[[ WORKING DATA, beginning ]]

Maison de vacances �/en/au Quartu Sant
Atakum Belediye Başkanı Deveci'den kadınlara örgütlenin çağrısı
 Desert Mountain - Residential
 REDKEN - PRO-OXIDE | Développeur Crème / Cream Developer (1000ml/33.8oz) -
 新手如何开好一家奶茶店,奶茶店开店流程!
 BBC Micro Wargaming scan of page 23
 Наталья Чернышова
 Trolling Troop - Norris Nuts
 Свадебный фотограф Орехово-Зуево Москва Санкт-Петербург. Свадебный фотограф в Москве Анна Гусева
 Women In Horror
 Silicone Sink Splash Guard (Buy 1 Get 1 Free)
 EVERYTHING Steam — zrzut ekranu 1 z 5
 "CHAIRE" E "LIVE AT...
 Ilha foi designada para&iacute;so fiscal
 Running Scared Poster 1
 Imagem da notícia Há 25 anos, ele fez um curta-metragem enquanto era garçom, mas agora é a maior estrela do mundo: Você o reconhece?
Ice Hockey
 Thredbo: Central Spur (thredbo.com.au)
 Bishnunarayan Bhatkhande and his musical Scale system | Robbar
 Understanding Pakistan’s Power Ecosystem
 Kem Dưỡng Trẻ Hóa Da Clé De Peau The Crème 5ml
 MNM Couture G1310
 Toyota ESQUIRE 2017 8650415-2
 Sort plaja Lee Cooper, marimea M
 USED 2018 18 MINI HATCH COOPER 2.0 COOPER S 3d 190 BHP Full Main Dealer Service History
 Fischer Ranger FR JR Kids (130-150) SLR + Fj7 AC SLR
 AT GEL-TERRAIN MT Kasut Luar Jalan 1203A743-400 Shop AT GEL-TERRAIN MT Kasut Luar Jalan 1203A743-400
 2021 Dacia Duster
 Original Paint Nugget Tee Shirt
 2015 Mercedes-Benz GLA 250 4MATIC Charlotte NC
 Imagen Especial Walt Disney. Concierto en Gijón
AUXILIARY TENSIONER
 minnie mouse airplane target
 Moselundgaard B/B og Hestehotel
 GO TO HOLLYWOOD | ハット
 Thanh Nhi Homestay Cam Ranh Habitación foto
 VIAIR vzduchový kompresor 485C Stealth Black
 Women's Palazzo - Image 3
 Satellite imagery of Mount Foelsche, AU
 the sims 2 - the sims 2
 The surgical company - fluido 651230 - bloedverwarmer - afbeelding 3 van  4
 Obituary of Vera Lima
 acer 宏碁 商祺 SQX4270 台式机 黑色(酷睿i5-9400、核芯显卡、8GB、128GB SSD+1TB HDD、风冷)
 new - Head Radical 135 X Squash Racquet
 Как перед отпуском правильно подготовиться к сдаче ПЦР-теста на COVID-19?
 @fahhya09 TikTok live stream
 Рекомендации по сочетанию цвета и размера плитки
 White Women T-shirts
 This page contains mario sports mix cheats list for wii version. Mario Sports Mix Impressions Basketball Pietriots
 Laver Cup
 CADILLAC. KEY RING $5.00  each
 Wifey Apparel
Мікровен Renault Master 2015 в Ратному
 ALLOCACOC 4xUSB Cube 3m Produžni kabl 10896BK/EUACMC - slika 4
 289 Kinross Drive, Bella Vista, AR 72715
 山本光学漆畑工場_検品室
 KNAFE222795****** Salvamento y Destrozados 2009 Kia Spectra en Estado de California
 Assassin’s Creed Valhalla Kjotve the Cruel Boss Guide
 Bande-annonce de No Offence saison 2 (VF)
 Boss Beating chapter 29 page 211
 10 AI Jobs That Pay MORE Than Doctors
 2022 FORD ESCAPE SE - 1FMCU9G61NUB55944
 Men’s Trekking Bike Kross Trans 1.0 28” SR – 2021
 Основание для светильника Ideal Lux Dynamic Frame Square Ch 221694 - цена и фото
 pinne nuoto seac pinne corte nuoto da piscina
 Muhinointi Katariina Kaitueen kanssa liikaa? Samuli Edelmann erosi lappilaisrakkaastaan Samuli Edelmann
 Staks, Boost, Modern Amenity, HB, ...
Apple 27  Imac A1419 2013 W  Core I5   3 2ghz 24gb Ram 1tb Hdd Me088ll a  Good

[[ WORKING DATA, end ]]

[EXERCISE REQUIREMENTS] In the entries above, the lines from the one bearing "Running Scared Poster 1" up to and including the one bearing "Understanding Pakistan’s Power Ecosystem" should be transcribed exactly; no other line is wanted.

[WRITTEN ANSWER]
 Running Scared Poster 1
 Imagem da notícia Há 25 anos, ele fez um curta-metragem enquanto era garçom, mas agora é a maior estrela do mundo: Você o reconhece?
Ice Hockey
 Thredbo: Central Spur (thredbo.com.au)
 Bishnunarayan Bhatkhande and his musical Scale system | Robbar
 Understanding Pakistan’s Power Ecosystem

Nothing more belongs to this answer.